Job Description & Details
Azure Data Engineer role focused on AI‑enabled data pipelines for a healthcare client. You’ll be the go‑to person for moving massive clinical and pharmacy datasets through Azure and Databricks, and you’ll get to sprinkle LLM‑type AI features on top. It’s a senior hands‑on gig that expects you to hit the ground running with minimal onboarding.
What You'll Actually Be Doing
You’ll design and maintain ingestion pipelines that pull data from disparate health‑system sources (EHRs, pharmacy claims, 340B data) into Azure Data Lake and then transform it in Databricks for downstream analytics. Expect to work directly with VP‑level stakeholders to translate business questions into data models, and you’ll be responsible for performance‑tuning Spark jobs, handling schema evolution, and ensuring compliance with healthcare data regulations. Occasionally you’ll prototype simple LLM integrations—think summarizing clinical notes or generating dosage recommendations—without needing deep research‑level AI expertise.
The Core Tech Stack
The non‑negotiables are Azure (Data Factory, Synapse, ADLS) and Databricks (Spark, Delta Lake). You must be comfortable writing scalable PySpark/Scala jobs, orchestrating pipelines with Azure Data Factory, and modeling large, PHI‑laden datasets. Healthcare domain knowledge (especially 340B pharmacy workflows) is a huge plus because the data shapes are quirky and compliance‑heavy. A dabble in LLM APIs (Azure OpenAI, Hugging Face) is useful but not a make‑or‑break skill.
Interview Expectations
- “Walk me through how you would design a scalable ingestion pipeline for 100TB of pharmacy claim data that must be GDPR/HIPAA compliant.” They’re probing your ability to pick the right Azure services, partition strategy, encryption at rest/in‑flight, and how you’d validate data quality.

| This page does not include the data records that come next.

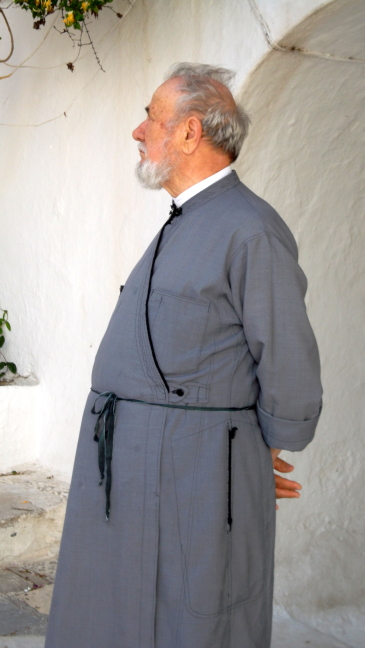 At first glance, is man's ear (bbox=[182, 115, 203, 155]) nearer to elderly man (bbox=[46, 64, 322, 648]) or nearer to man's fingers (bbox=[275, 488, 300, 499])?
elderly man (bbox=[46, 64, 322, 648])

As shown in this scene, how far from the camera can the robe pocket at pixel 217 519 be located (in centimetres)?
162

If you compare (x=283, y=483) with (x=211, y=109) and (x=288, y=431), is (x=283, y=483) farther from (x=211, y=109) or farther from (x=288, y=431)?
(x=211, y=109)

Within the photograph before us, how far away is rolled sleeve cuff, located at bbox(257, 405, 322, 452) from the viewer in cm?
167

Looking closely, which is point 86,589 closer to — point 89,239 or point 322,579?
point 322,579

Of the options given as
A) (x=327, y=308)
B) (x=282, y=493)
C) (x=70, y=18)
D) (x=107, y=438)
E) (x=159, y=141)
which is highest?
(x=70, y=18)

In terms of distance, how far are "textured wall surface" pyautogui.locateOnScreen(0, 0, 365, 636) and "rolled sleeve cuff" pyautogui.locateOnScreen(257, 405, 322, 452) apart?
114 centimetres

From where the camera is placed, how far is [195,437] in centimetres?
167

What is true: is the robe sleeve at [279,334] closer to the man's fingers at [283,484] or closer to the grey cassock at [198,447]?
the grey cassock at [198,447]

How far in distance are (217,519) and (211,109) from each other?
1.00m

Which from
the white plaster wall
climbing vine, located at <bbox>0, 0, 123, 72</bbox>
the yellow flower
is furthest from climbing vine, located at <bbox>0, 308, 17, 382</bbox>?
the yellow flower

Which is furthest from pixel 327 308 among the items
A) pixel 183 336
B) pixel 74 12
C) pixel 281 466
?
pixel 74 12

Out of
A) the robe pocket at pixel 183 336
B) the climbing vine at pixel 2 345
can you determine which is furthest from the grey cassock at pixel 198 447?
the climbing vine at pixel 2 345

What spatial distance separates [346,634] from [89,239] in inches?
78.0

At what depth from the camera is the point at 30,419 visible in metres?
3.60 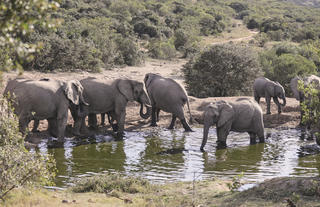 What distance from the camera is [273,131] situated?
15125mm

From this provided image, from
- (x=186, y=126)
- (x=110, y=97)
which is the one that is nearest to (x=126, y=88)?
(x=110, y=97)

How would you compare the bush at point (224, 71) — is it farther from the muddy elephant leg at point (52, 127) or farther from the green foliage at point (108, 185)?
the green foliage at point (108, 185)

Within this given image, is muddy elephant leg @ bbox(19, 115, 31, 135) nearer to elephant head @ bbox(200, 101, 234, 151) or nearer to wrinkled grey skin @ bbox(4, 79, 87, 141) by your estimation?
wrinkled grey skin @ bbox(4, 79, 87, 141)

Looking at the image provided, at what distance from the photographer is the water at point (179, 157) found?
10.2 metres

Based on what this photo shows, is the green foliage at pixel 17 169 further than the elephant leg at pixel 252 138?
No

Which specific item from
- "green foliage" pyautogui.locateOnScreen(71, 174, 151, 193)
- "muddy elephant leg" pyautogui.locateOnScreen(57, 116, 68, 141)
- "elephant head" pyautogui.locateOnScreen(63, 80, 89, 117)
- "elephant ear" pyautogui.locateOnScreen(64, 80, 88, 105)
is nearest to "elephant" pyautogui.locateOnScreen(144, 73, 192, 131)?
"elephant head" pyautogui.locateOnScreen(63, 80, 89, 117)

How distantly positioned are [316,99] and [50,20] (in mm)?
5634

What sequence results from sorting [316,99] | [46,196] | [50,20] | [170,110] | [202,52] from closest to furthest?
1. [50,20]
2. [46,196]
3. [316,99]
4. [170,110]
5. [202,52]

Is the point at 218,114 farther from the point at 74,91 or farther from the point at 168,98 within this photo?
the point at 74,91

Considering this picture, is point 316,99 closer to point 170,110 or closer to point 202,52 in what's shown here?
point 170,110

- “Explain the trade‑offs between using Delta Lake’s Z‑order vs. traditional partitioning for query performance on a mixed‑type clinical dataset.” They want to see if you understand Delta optimizations and can justify choices based on query patterns and storage cost.
Application Advice
Tailor your resume to scream “Azure Data Engineer + Healthcare” – put Azure Data Factory, Databricks, Spark, and Delta Lake right up top. Highlight any 340B or pharmacy‑related projects; even a short stint with claims data will get you noticed. Sprinkle in “LLM integration”, “AI‑enabled pipelines”, and “VP stakeholder communication” to match the soft‑skill cues. Keep the experience bullet concise: 12+ years building end‑to‑end data solutions in Azure for regulated health domains – that exact phrase will help you pass the ATS.